(Source records)
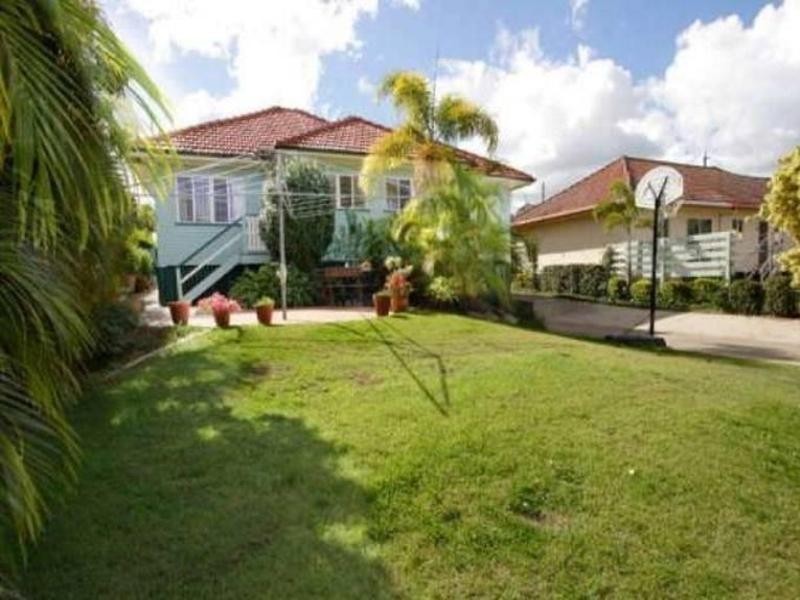 95 Solar Street, Coorparoo QLD 4151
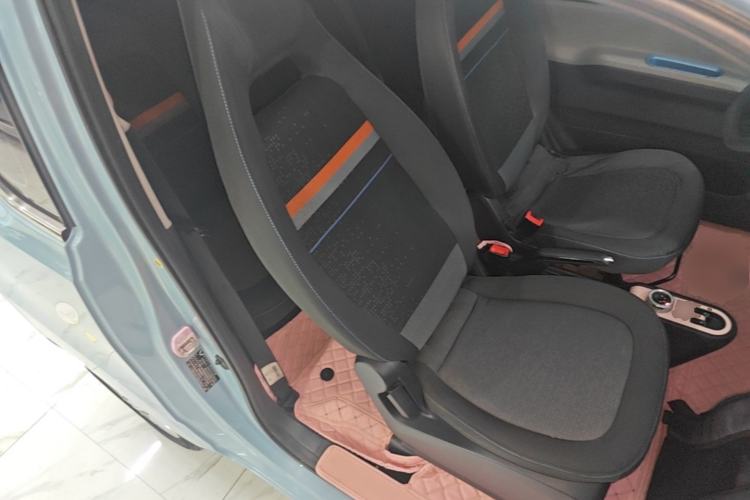 Used Wuling Hongguang MINIEV 2020 Enjoyment Model Lithium Iron Phosphate Right Front Seat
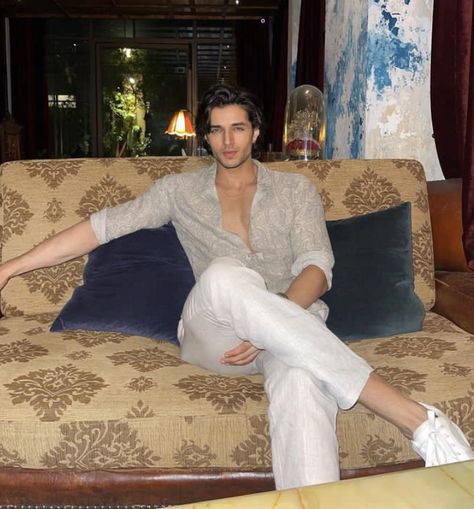 Hot Indian Man In Suit, Hot Indian Guys, Indian Man Aesthetic, Lord Karna, Bollywood Paparazzi, Indian Men Aesthetic, Indian Boys Aesthetic, Sidharth Gupta, Siddharth Gupta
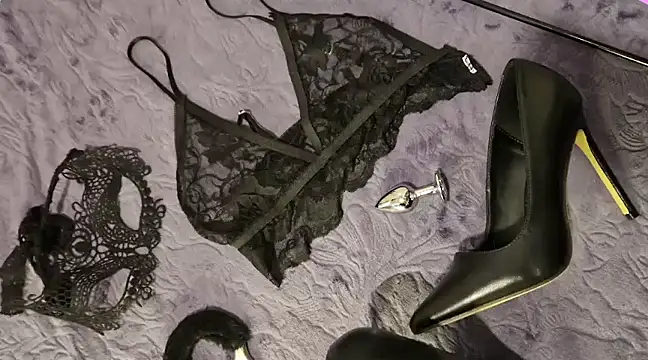 Snapshot of culbutemoi4 chatting on 03-17-25, 08:40 culbutemoi4 online show from 03-17-25, 08:40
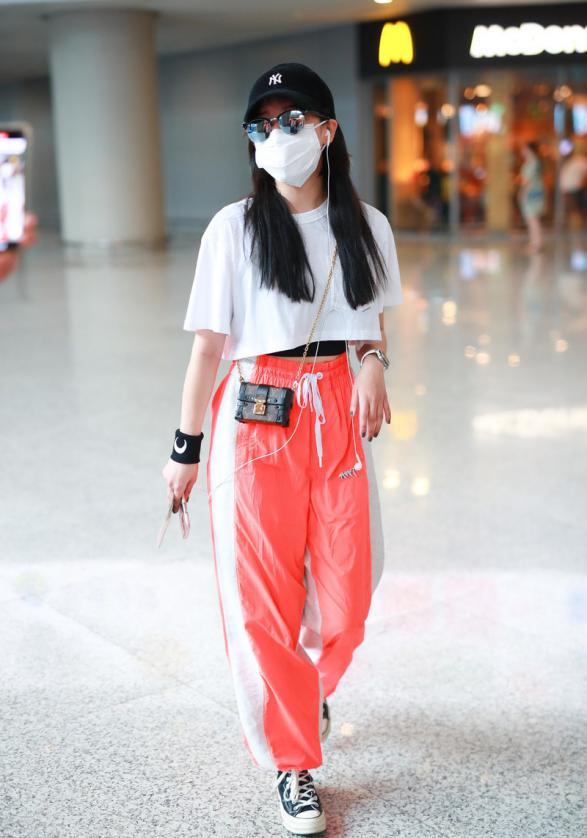 不塞衣角怎么穿显高显瘦,塞衣角显高显瘦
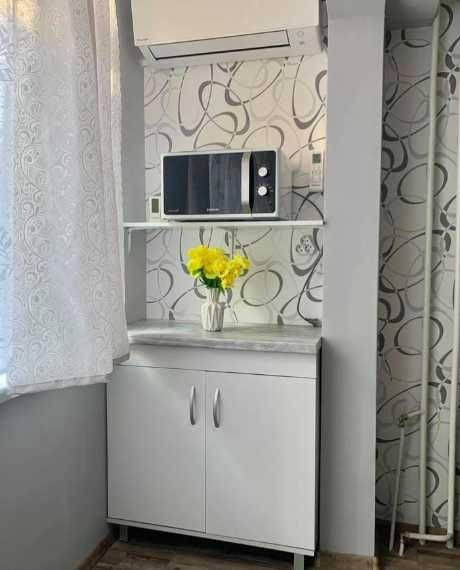 Дава се под наем Двустаен апартамент в Бургас, Зорница - 70 кв.м за 275 € - Снимка #2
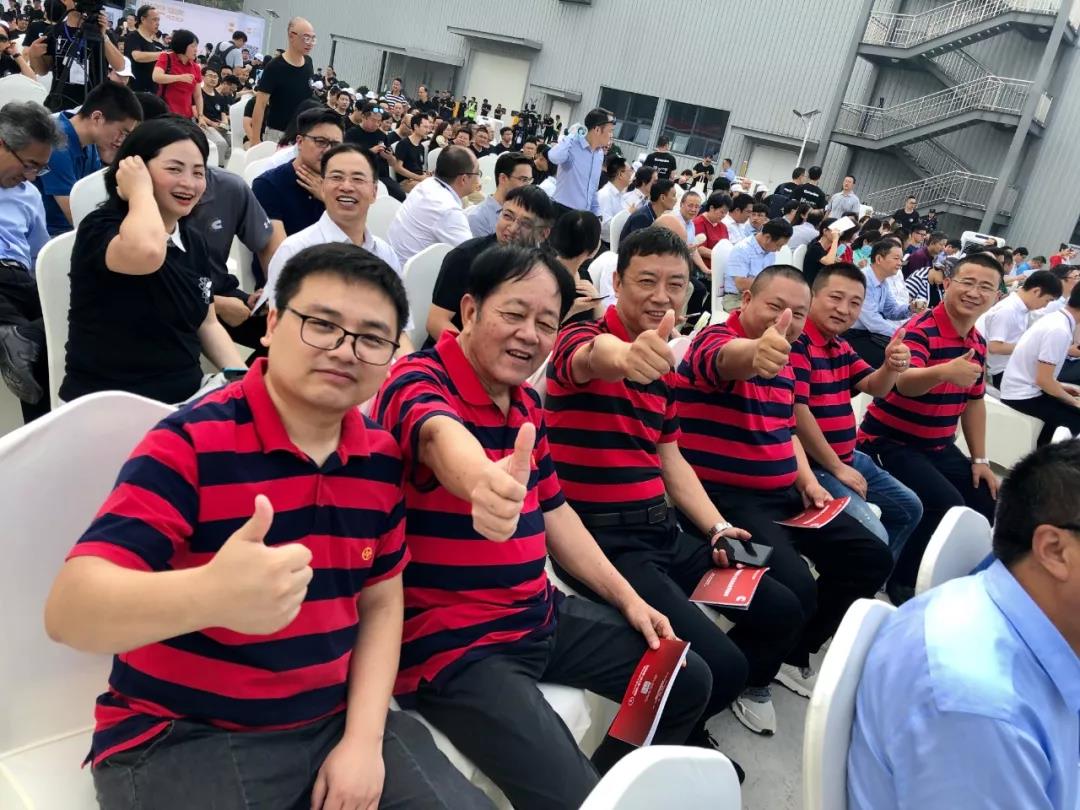 康明斯发动机遇到上汽红岩,强强联手收获批量订单 - 第2张 - 提加商用车网 康明斯发动机遇到上汽红岩,强强联手收获批量订单 - 第2张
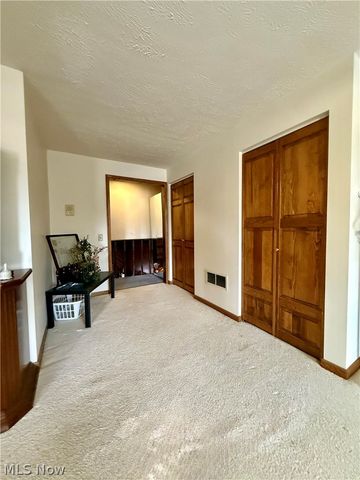 5000 Mildred Circle SW, Navarre, OH 44662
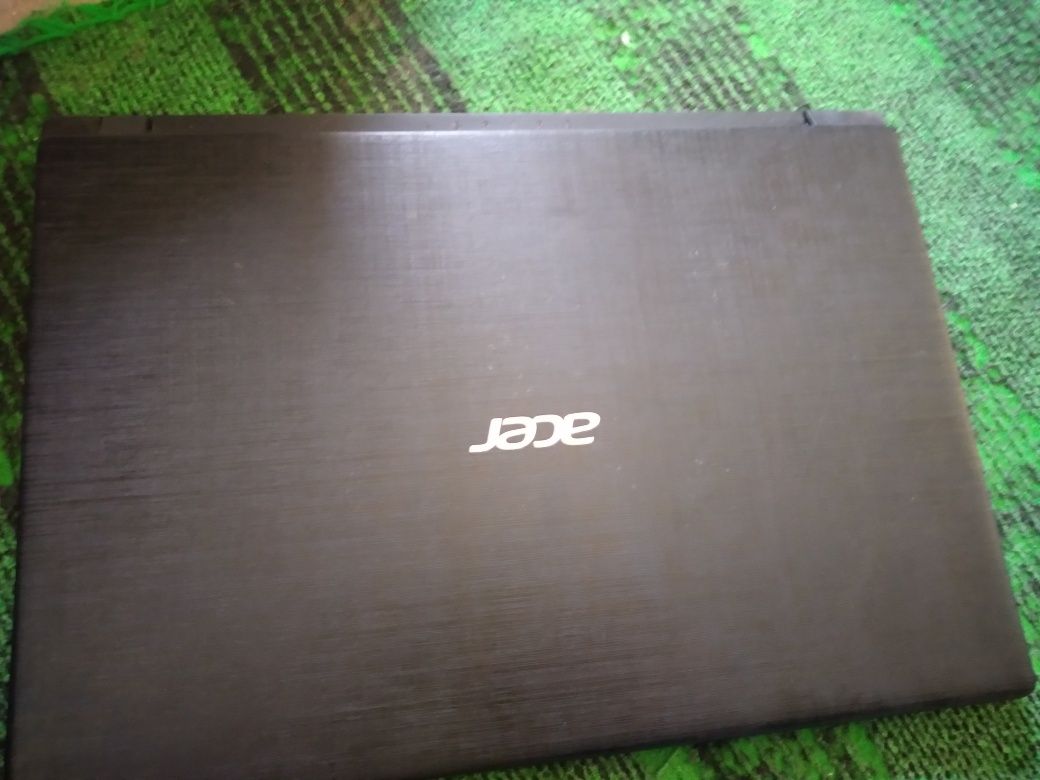 Acer noteboki holti yahshi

**EXERCISE PROMPT:** Would you transcribe exactly, and only, the lines from the one containing "Hot Indian Man" through the last line of the records above, both included, leaving out the pictures?

**OUTPUT OF THE TASK:**
 Hot Indian Man In Suit, Hot Indian Guys, Indian Man Aesthetic, Lord Karna, Bollywood Paparazzi, Indian Men Aesthetic, Indian Boys Aesthetic, Sidharth Gupta, Siddharth Gupta
 Snapshot of culbutemoi4 chatting on 03-17-25, 08:40 culbutemoi4 online show from 03-17-25, 08:40
 不塞衣角怎么穿显高显瘦,塞衣角显高显瘦
 Дава се под наем Двустаен апартамент в Бургас, Зорница - 70 кв.м за 275 € - Снимка #2
 康明斯发动机遇到上汽红岩,强强联手收获批量订单 - 第2张 - 提加商用车网 康明斯发动机遇到上汽红岩,强强联手收获批量订单 - 第2张
 5000 Mildred Circle SW, Navarre, OH 44662
 Acer noteboki holti yahshi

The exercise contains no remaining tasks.